SOURCE MATERIAL>
....................

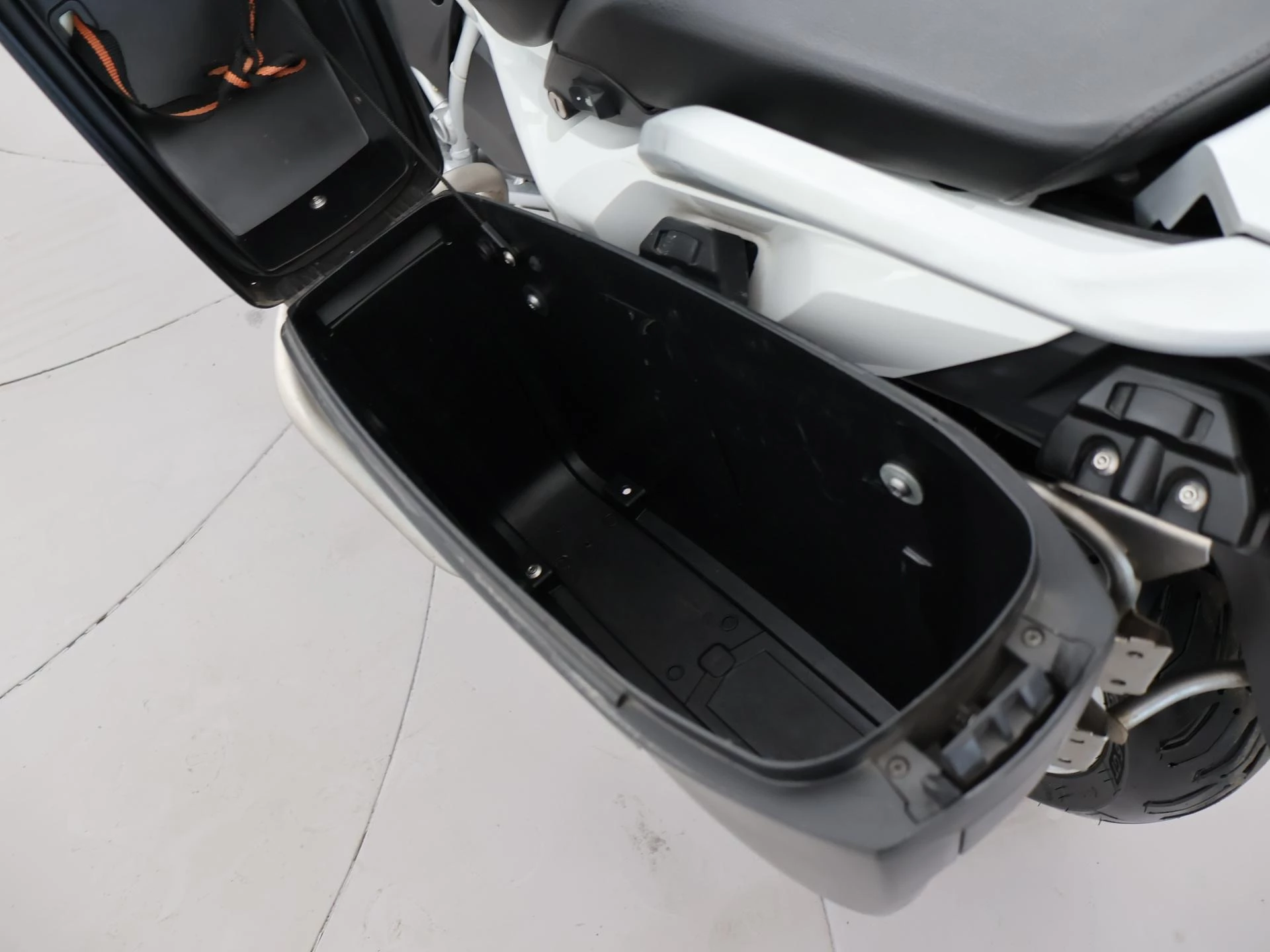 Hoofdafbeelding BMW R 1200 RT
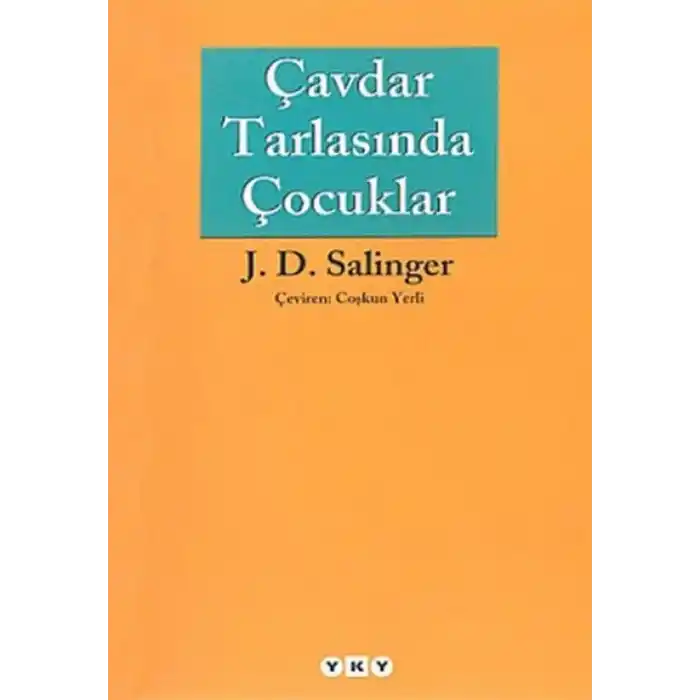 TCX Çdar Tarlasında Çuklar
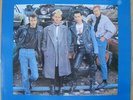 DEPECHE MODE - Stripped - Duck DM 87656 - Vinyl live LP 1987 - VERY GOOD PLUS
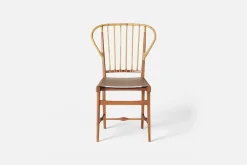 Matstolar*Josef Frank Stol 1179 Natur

....................

No picture belongs in the copy; return the rest of the listing exactly.

 Hoofdafbeelding BMW R 1200 RT
 TCX Çdar Tarlasında Çuklar
 DEPECHE MODE - Stripped - Duck DM 87656 - Vinyl live LP 1987 - VERY GOOD PLUS
 Matstolar*Josef Frank Stol 1179 Natur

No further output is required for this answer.